# Name the Burl



## WBYStockMan9 (Jun 30, 2014)

Hey guys,

I was given this burl by my great uncle and he couldn't tell me what kind of wood it is. I snapped a couple pictures to see if anyone could help me out.


----------



## GeauxGameCalls (Jun 30, 2014)

Walnut?


----------



## Mike1950 (Jun 30, 2014)

Could be BLMaple but then again it probably could be 100 others. If you cut it the sweet smell should give it away.


----------



## WBYStockMan9 (Jun 30, 2014)

I sliced it as you can see in the first picture, but no 'sweet smell', it also doesn't have that walnut smell.... I thought maybe myrtle? I'm not great with identifying wood, unless it's really common. Burls don't seem to look like the species they come from though.


----------



## Mike1950 (Jun 30, 2014)

WBYStockMan9 said:


> I sliced it as you can see in the first picture, but no 'sweet smell', it also doesn't have that walnut smell.... I thought maybe myrtle? I'm not great with identifying wood, unless it's really common. Burls don't seem to look like the species they come from though.



Does not look like myrtle to me but I do not think you are alone in not being able to ID burls. Burls are aberrations so ID is tough. 
Looks very nice though!!


----------



## Kevin (Jun 30, 2014)

WBYStockMan9 said:


> Burls don't seem to look like the species they come from though.



You got that right. Some burls are very distinctive and easy to ID but most are not. That resembles some black locust burl I had - not saying it is but it is similar.


----------



## Cody Killgore (Jun 30, 2014)

Looks just like my black locust burl. I would bet money that's what it is, but there's always a chance I could be wrong.

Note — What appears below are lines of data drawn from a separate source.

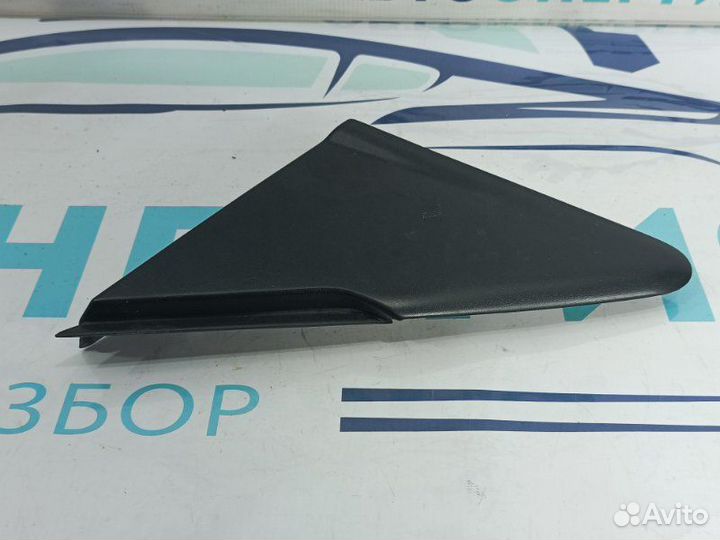 Накладка крыла передняя левая Renault Kaptur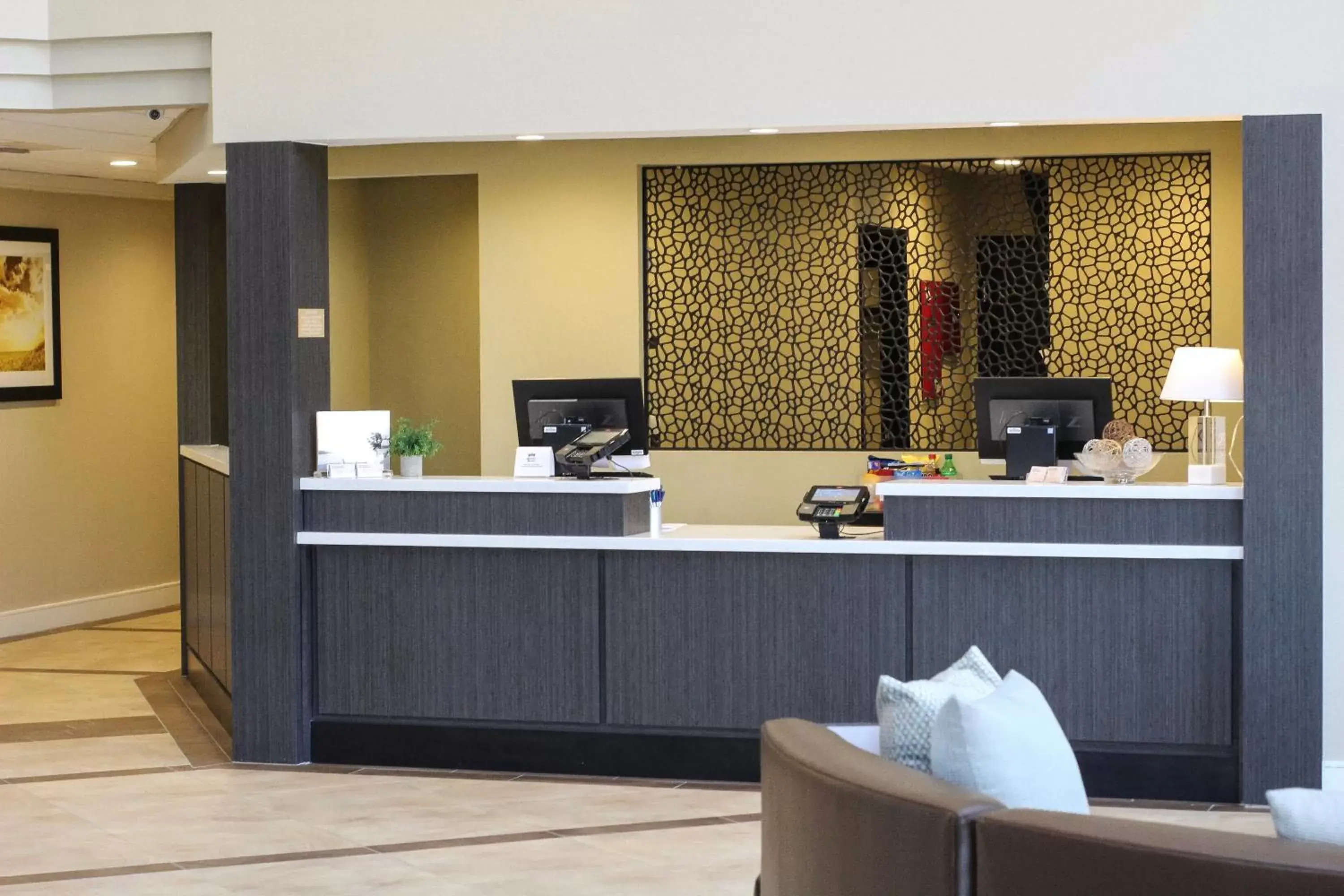 Property building, Lobby/Reception in Candlewood Suites - Wichita East, an IHG Hotel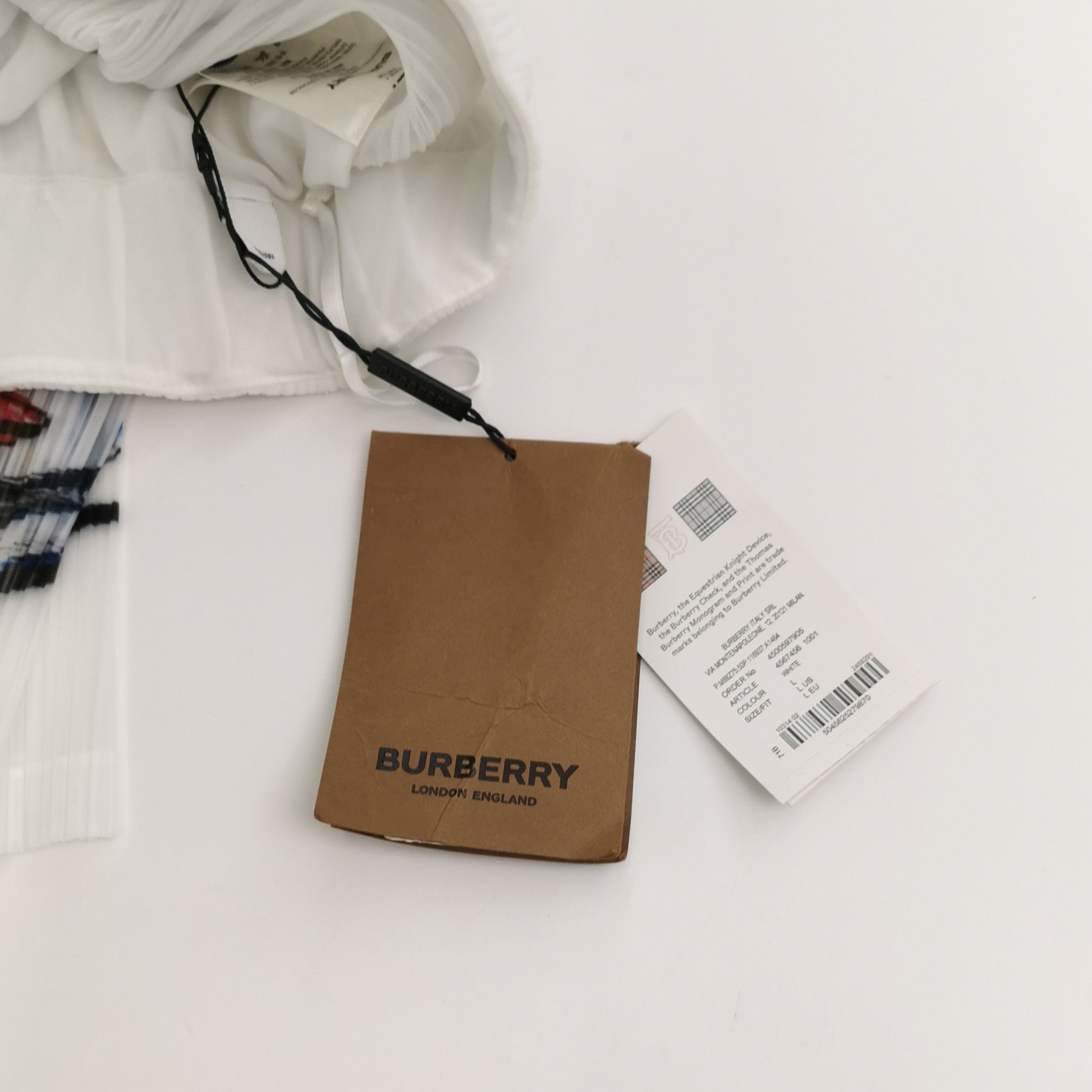 Burberry Burberry Men 34 Shorts Size US 34 / EU 50 - 4 Thumbnail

I kinda had a thing for black locust burl a while back and went through quite a bit of it.

Reactions: Agree 1


----------



## WBYStockMan9 (Jun 30, 2014)

The inside portion is very crumbly and has some holes, could have been on the verge of rotting? I don't know enough about burls. All I know is i'm going to use up what I can for some inlays! 

Thanks for all your input!


----------



## DKMD (Jun 30, 2014)

I'd guess big leaf maple burl just based on your location and the fact that it's getting a little punky... Pretty stuff!


----------



## Schroedc (Jun 30, 2014)

I've got some Oak burl that looks almost exactly like that right down to voids in the interior and falling apart.


----------



## Kevin (Jun 30, 2014)

I didn't notice the part about it getting punky. Not sure black locust would do that. The non burl wood would not maybe burl is more susceptible?


----------



## Molokai (Jun 30, 2014)

i would say black locust burl,

Reactions: Agree 1


----------



## eaglea1 (Jun 30, 2014)

I got one just like that a few months ago. No idea, the guy said he had it for like 15 years. Guess what the mc was?


----------



## Molokai (Jun 30, 2014)

eaglea1 said:


> I got one just like that a few months ago. No idea, the guy said he had it for like 15 years. Guess what the mc was?


8 %


----------



## bench1holio (Jun 30, 2014)

looks exactly the same as the black locust burl I have


----------



## eaglea1 (Jul 1, 2014)

Molokai said:


> 8 %


 2%, dry as a cotton ball !

Reactions: Like 1


----------